Not that her teammates are complaining. “Pink is our favorite color for many years,” said national team coordinator Martha Karolyi, whose reigning world champions begin their Olympic quest on Sunday afternoon. “I’m happy for it.”
Gold, of course, is their preferred hue and the Americans never have won a medal of that color at an overseas Games. In both Athens and Beijing, they came in as world titlists and were outpointed by the Romanians and the Chinese. This time, the US is coming off a dominant performance at last year’s global meet in Tokyo, where despite losing captain Alicia Sacramone with a torn Achilles’ tendon, the Yanks still hammered the Russians by more than four points and Jordyn Wieber collected the all-around crown.
Four members of that team are back — Wieber, Douglas, McKayla Maroney, and Needham native Aly Raisman, who was elected team captain. But given their recent history at Olympus, the Yanks aren’t expecting any coronation. If the Chinese men can finish sixth, as they did in their Saturday qualifying group, anybody can get the wobblies. “We don’t talk about medals and colors,” said Karolyi, whose squad had to settle for silver in 2004 and 2008. “We talk about quality of preparation.”
Which is why the team treated last week’s podium training as a competition. With only five gymnasts on the roster this time, consistency on every apparatus is paramount. That’s why the US team is top-heavy with reliable all-arounders in Wieber, trials victor Douglas, and Raisman, who was fourth in Tokyo.
All of them will compete in all four events in the qualifying round, which will determine the 24 contestants for the all-around and the eight for each apparatus final. Kyla Ross, the only global newcomer, will be up on all but vault, where Maroney, the world titlist, will be a priceless one-trick pony. The question is whether this team, which has no Games veterans, can match the extraordinary production by the Class of 2008, which won eight medals in China’s home gym, including golds by Nastia Liukin in all-around and Shawn Johnson on balance beam.
The planetary landscape has changed significantly during the past quadrennium. China has slipped to third on the ladder and has only two members returning from their gold-medal team — He Kexin and Deng Linlin. The Romanians, who were third last time, have been scrambling to rebuild on the fly, coaxing back triple gold-medalist Catalina Ponor, who’d retired in 2007, to add maturity to a young squad. “I just woke up one morning and thought, I have to go back,” said the 24-year-old Ponor, who’d been coaching in the US before she returned to help her teammates win the European title in May.

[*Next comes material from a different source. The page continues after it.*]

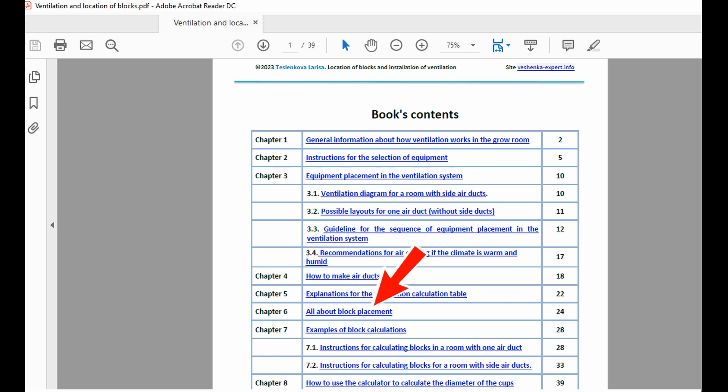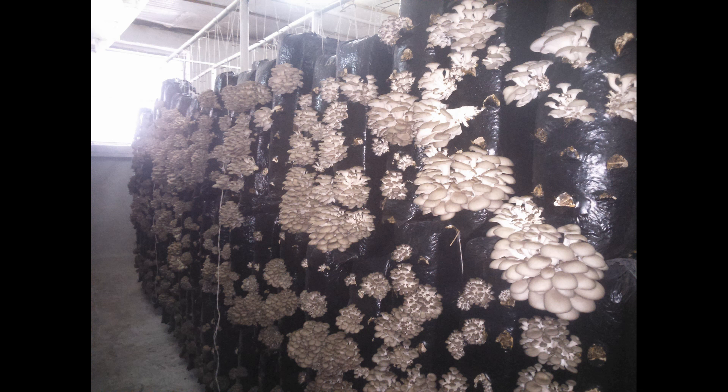The guide includes a section on how to calculate the total substrate load in the grow room. As an example, I've used a grow room measuring 8 by 5 meters (26 by 16 feet) to show you how to calculate the number of blocks based on your room's dimensions. The example uses substrate blocks with a diameter of 22 cm (8.5 inches) and a weight of 9 to 11 kgs (20 to 24 pounds), but you can use the same method to calculate for blocks of other sizes.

And the Russians, who owned the sport until the Magnificent 7 upended them in Atlanta in 1996, are on the rise after missing the Olympic podium for the first time in Beijing. Though the Americans took them apart at the world meet, the Motherland was without former world champion Aliya Mustafina. Now she’s back, along with Victoria Komova, who finished less than four-100ths of a point behind Wieber last year.
But over the past dozen years, the Americans have been the world’s most consistently productive squad, making the team podium at every global meet, reliably restocking after every Games. If they perform the way they usually do they have an excellent chance to accomplish what none of their predecessors has. “We feel like we are definitely ready to go out on the competition floor and fight,” said Karolyi.
There’s been so much flux since Beijing that Karolyi hasn’t even bothered scouting the Russians and Chinese. “I have no control over it,” she said. “It wouldn’t change what we prepare.” This is the US squad that Karolyi had in her head a couple of months ago and it doesn’t bother her that she wasn’t able to choose it at camp instead of at earlier trials. “I don’t feel bad,” she said. “This is the team that I like.”
And this is the lineup that she’d written down several weeks ago. It was good enough to beat the same rivals last year and Karolyi figures that it’s still good enough, provided that her gymnasts execute. And if they do, they wouldn’t mind that gold medal dangling from a shocking-pink ribbon.